The Efficacy of Galaxy Shape Parameters in Photometric Redshift Estimation: A Neural Network Approach

TL;DR

This study investigates whether adding galaxy morphological parameters improves photometric redshift estimates using neural networks, finding limited benefits due to noise trade-offs.

Contribution

It demonstrates that morphological parameters do not significantly enhance neural network-based photometric redshift estimation with the given data.

Findings

Morphological parameters correlate with galaxy type.

Adding morphology does not significantly improve redshift accuracy.

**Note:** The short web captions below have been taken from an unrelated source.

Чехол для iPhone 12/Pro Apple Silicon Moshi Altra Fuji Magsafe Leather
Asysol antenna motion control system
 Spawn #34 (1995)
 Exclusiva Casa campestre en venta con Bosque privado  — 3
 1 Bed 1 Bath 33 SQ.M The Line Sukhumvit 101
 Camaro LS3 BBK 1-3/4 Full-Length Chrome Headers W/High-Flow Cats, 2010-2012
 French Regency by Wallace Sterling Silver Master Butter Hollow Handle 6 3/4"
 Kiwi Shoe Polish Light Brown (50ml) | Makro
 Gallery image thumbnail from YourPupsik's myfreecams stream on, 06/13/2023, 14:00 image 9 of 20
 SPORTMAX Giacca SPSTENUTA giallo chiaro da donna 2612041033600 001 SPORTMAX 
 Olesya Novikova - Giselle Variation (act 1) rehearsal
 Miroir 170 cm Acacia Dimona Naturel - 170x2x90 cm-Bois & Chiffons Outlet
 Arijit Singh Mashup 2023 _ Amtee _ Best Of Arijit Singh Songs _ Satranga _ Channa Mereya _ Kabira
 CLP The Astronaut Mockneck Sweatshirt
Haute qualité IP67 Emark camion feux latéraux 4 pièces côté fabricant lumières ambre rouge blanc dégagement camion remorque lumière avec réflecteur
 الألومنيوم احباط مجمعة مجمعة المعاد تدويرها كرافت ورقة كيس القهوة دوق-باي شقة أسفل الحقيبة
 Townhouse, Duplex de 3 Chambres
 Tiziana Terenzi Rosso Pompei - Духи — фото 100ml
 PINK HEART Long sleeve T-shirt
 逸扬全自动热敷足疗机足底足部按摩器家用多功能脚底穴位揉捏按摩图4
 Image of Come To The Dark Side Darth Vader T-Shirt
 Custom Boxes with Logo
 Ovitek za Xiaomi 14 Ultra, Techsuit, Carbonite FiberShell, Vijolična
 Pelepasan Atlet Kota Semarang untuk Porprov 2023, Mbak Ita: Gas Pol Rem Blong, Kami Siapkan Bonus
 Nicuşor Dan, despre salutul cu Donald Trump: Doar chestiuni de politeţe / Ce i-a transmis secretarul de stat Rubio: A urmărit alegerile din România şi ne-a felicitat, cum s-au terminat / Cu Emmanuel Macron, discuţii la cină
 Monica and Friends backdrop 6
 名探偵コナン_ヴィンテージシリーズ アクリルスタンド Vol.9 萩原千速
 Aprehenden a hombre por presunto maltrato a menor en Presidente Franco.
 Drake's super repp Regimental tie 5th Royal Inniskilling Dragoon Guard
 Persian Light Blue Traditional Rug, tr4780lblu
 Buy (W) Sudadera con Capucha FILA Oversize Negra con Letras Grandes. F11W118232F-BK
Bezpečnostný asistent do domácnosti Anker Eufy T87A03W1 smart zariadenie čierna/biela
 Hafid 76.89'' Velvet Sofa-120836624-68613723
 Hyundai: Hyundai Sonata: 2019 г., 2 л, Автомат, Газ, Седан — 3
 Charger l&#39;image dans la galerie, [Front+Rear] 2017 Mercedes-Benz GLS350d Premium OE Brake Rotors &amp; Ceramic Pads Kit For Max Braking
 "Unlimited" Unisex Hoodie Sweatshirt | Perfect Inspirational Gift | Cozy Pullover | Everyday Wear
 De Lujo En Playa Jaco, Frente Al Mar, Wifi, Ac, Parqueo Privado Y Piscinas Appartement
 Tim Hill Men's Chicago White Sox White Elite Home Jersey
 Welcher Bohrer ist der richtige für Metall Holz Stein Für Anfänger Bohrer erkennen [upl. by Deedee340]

Extra parameters may introduce noise outweighing benefits.

Abstract

We present a determination of the effects of including galaxy morphological parameters in photometric redshift estimation with an artificial neural network method. Neural networks, which recognize patterns in the information content of data in an unbiased way, can be a useful estimator of the additional information contained in extra parameters, such as those describing morphology, if the input data are treated on an equal footing. We use imaging and five band photometric magnitudes from the All-wavelength Extended Groth Strip International Survey. It is shown that certain principal components of the morphology information are correlated with galaxy type. However, we find that for the data used the inclusion of morphological information does not have a statistically significant benefit for photometric redshift estimation with the techniques employed here. The inclusion of these parameters may result in a trade-off between extra information and additional noise, with the additional noise becoming more dominant as more parameters are added.